D.I.Y. or Die: How to Survive as an Independent Artist is a low-budget documentary film released by Music Video Distributors in 2002. The film is a "celebration of the underdog" and deals with why artists do what they do, regardless of the lack of a continuous paycheck.

==Details==
The film features some artists that define the DIY ethic and speaks to the overall DIY culture. It features interviews with Lydia Lunch, Ian MacKaye, J Mascis of Dinosaur Jr, Jim Rose, J. G. Thirlwell of Foetus, Mike Watt, Eric McFadden, Richard Kern (filmmaker), Ron Asheton of The Stooges, Madigan Shive of Bonfire Madigan, Lynn Breedlove of Tribe 8 and Dave Brockie of Gwar, among others.

Alicia Dattner appears in the credit sequence as a punk street artist stapling DIY flyers.
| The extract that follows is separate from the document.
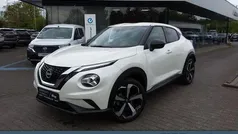 Gebraucht 2023 Nissan Juke Tekna SUV | 22.280 € (Fairer Preis)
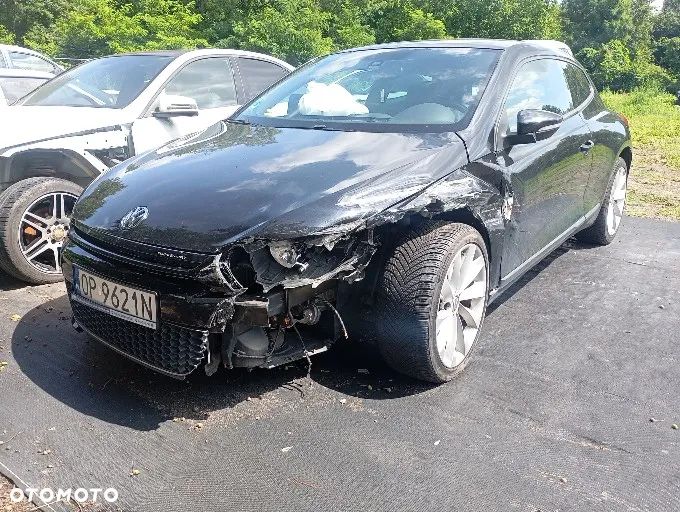 Volkswagen Scirocco 1.4 TSI Shark - 1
Original artwork for the credits drawn by Attaboy, co-founder of Hi-Fructose Contemporary Art Magazine.

The DVD was released (under the title "D.I.Y. or Die: Burn This DVD") with no region restrictions or copy protection. Director Michael W. Dean allowed and even encouraged people to make copies for non-commercial use.